Structure of the Business Combination
The Business Combination will be effected by way of the Arrangement and Merger. Pursuant to the Arrangement, (i) Hut 8 and its wholly-owned subsidiary, Hut 8 Holdings Inc., will be amalgamated by way of a short-form vertical amalgamation, with Hut Amalco having the same capital as the capital of Hut 8 immediately prior to the amalgamation, and (ii) following the amalgamation, the common shares in the capital of Hut Amalco (other than any shares in respect of which a registered Hut 8 shareholder has validly exercised dissent rights) will be exchanged for shares of New Hut common stock based on the Hut 8 Exchange Ratio. Following the completion of the Arrangement, pursuant to the Merger, Merger Sub will be merged with and into USBTC, with USBTC surviving the Merger as a subsidiary of New Hut. Pursuant to the Merger, holders of USBTC capital stock will receive shares of New Hut common stock based on the USBTC Exchange Ratio.

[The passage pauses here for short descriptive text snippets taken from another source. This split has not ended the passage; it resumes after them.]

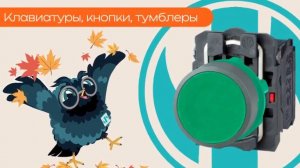 Клавиатуры, кнопки, тумблеры - Олниса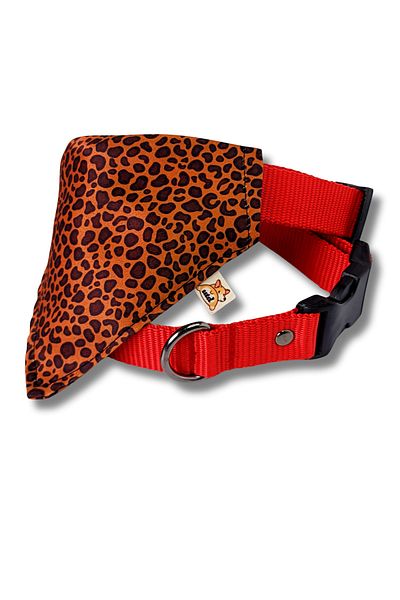 UTDpet Leopard Dog Collar with Scarf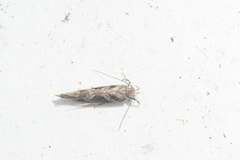 Aristotelia fungivorella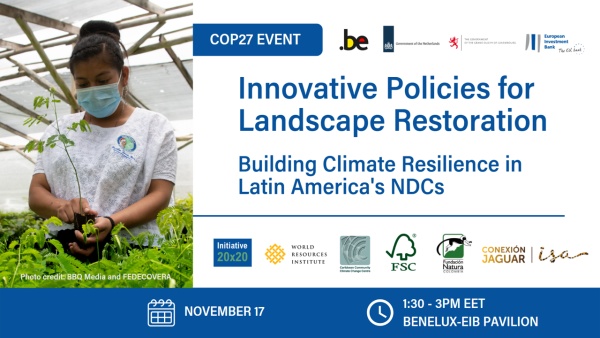 Innovative Policies for Landscape Restoration: Building Climate Resilience in Latin America's NDCs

As a result of the Business Combination, among other things, New Hut will become the ultimate parent of Hut 8, USBTC, and their respective subsidiaries.
Subject to the terms and conditions set forth in the Business Combination Agreement, Hut 8 shareholders (other than registered Hut 8 shareholders who validly exercise dissent rights) will have the right to receive, for each Hut 8 common share they hold immediately prior to the effective time of the Arrangement, that number of shares of New Hut common stock equal to the Hut 8 Exchange Ratio, and USBTC stockholders will have the right to receive, with respect to each share of Series A Preferred, Series B Preferred, Series B-1 Preferred and USBTC common stock they hold at the effective time of the Merger, that number of shares of New Hut common stock equal to the USBTC Exchange Ratio. Where the aggregate number of shares of New Hut common stock that a Hut 8 shareholder or USBTC stockholder would otherwise be entitled to receive under the Business Combination includes a fractional share of New Hut common stock, the number of shares of New Hut common stock to be received by such Hut 8 shareholder or USBTC stockholder, as applicable, will be rounded down to the nearest whole number and no cash will be paid in lieu of such fractional share of New Hut common stock.

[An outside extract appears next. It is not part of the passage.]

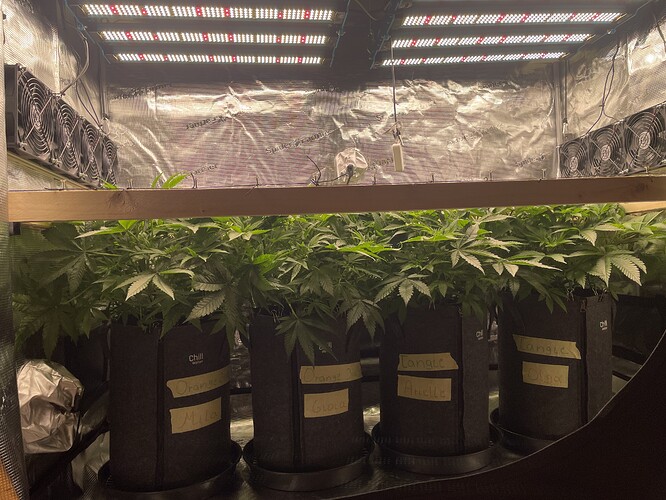 Mehrere Cannabis-Pflanzen in Stofftöpfen unter LED-Wachstumslichtern in einer Growbox.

The Business Combination does not contain any provision that would adjust the Hut 8 Exchange Ratio or USBTC Exchange Ratio based on fluctuations in the market value of either company’s capital stock. Because of this, the implied value of the stock consideration to Hut 8 shareholders and USBTC stockholders will fluctuate between now and the completion of the Business Combination and will depend on the market value of New Hut common stock at the time the Business Combination is completed.
In order to be effective, the Business Combination must be approved by the affirmative vote of not less than 6623% of the votes cast by Hut 8 shareholders present or represented by proxy and entitled to vote at the Hut 8 Meeting. For the purposes of implementing the Business Combination, USBTC will seek to obtain the USBTC Consent.

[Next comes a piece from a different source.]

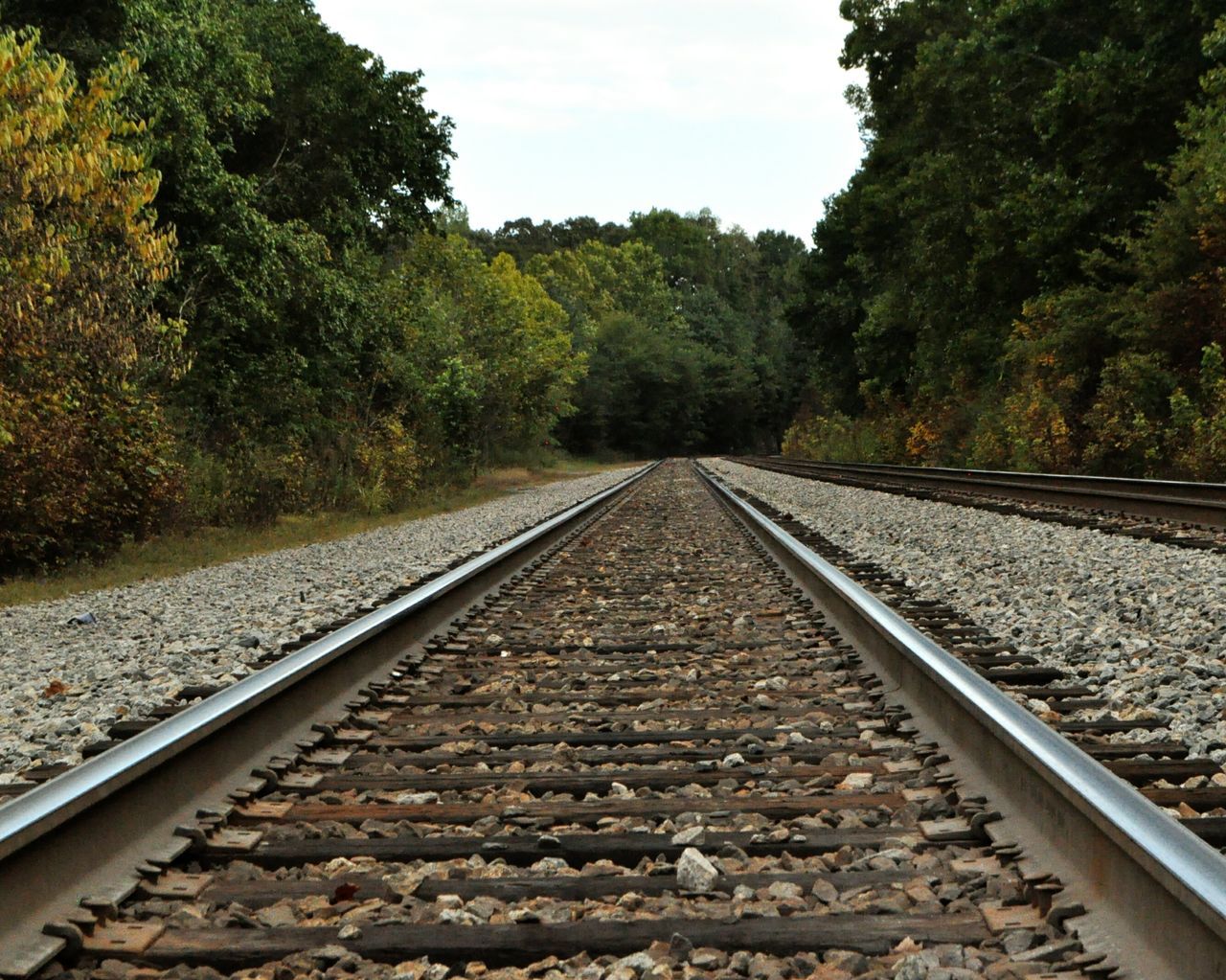 railroad track, rail transportation, tree, transportation, the way forward, diminishing perspective, vanishing point, railway track, public transportation, stone - object, straight, day, sky, no people, nature, growth, gravel, tranquility, outdoors, long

Background of the Business Combination
Each of the Hut 8 Board and the USBTC Board and their respective senior management regularly review and discuss their company’s performance, business strategy and competitive position in the digital asset mining industry. In addition, such boards and senior management regularly review and evaluate various strategic alternatives, including acquisitions, dispositions, capital raising, and other strategic transactions, as part of ongoing efforts to strengthen their respective overall business and enhance shareholder value. In particular, the USBTC Board previously considered pursuing an initial public offering in the United States but determined not to proceed, primarily due to market conditions.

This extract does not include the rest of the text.